Here is the setup:
[Proxy/Relay Server] <---------[(SMTP TLS test client) Test server]
^
|
(Internet) v
--------------+-----------------
|
[Router]
|
|
[ Home email appliance machine
|
(Home email server app (Node.js))
|
(Postfix) ]
So this little server is behind a NAT at a home. An external server is used as a proxy/relay for IMAP and SMTP.
We use openssl s_client to test a TL connection to the proxy/relay server which transmits data back and forth to the client behind the NAT.
It works great for plaintext, but I am not sure it is working consistently for TLS. Occasionally I get a full output with SSL certs etc fromm the openssl s_client command, but usually it just says CONNECTED and sits there. Not sure it is working in those cases.
Basically its this code running behind the NAT (router) on a computer with Postfix (there is some security stuff but this is basically it):
proxyOutgoing = net.connect(proxyport, proxyhost)
localSMTP = net.connect(587, 'localhost')
localSMTP.pipe(proxyOutgoing).pipe(localSMTP)
What I am trying to figure out is, is there something about this basic idea that would cause the openssl s_client test or TLS in general to only appear to be 'working' occasionally? Do I need to somehow flush the pipes or something weird.. It keeps saying Connected(000003) but usually just that, no cert info.

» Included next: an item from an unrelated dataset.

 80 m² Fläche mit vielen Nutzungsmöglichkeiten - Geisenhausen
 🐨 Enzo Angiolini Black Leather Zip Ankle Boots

One theory is the tlsmgr is caching the session which is why I dont see the STARTTLS stuff since its already set up.
Thanks for anyone who has a comment or idea.
The answer was basically that step 2 needs to come after step 4, otherwise the initial response from the local SMTP/IMAP server is not received and the STARTTLS protocol testing clients don't work since they are waiting for standard greetings on connect. At first it seemed the original order where the local mail server is connected to early was working, since plaintext SMTP commands went through later, but generally clients expect to receive certain messages on connect.